*Aim of the task:*
Within the entries below, find the portion that opens with the line containing "Comment se passe" and closes with the line containing "中國姜網(wǎng)生姜基地調(diào)研--走進(jìn)河南第一站 ()". Retype that portion exactly and only.

*Material shown:*
_____

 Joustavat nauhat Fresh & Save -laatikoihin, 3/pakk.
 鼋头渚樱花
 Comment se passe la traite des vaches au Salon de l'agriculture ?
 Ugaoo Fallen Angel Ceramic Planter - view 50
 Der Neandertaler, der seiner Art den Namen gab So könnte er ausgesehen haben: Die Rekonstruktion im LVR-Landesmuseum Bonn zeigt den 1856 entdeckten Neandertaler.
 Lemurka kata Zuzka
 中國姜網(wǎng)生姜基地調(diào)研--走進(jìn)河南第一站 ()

_____

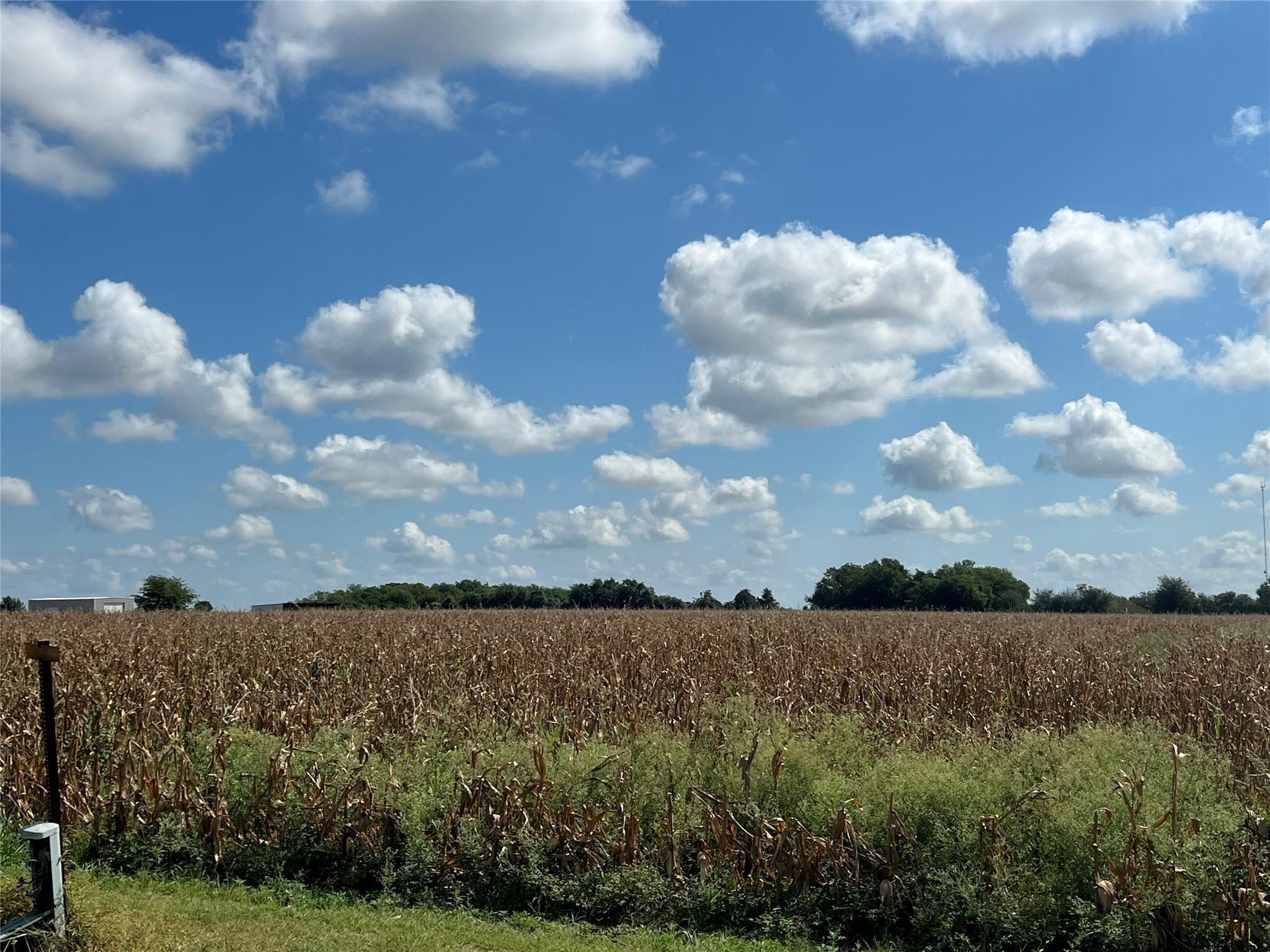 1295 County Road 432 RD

_____

*Written answer:*
 Comment se passe la traite des vaches au Salon de l'agriculture ?
 Ugaoo Fallen Angel Ceramic Planter - view 50
 Der Neandertaler, der seiner Art den Namen gab So könnte er ausgesehen haben: Die Rekonstruktion im LVR-Landesmuseum Bonn zeigt den 1856 entdeckten Neandertaler.
 Lemurka kata Zuzka
 中國姜網(wǎng)生姜基地調(diào)研--走進(jìn)河南第一站 ()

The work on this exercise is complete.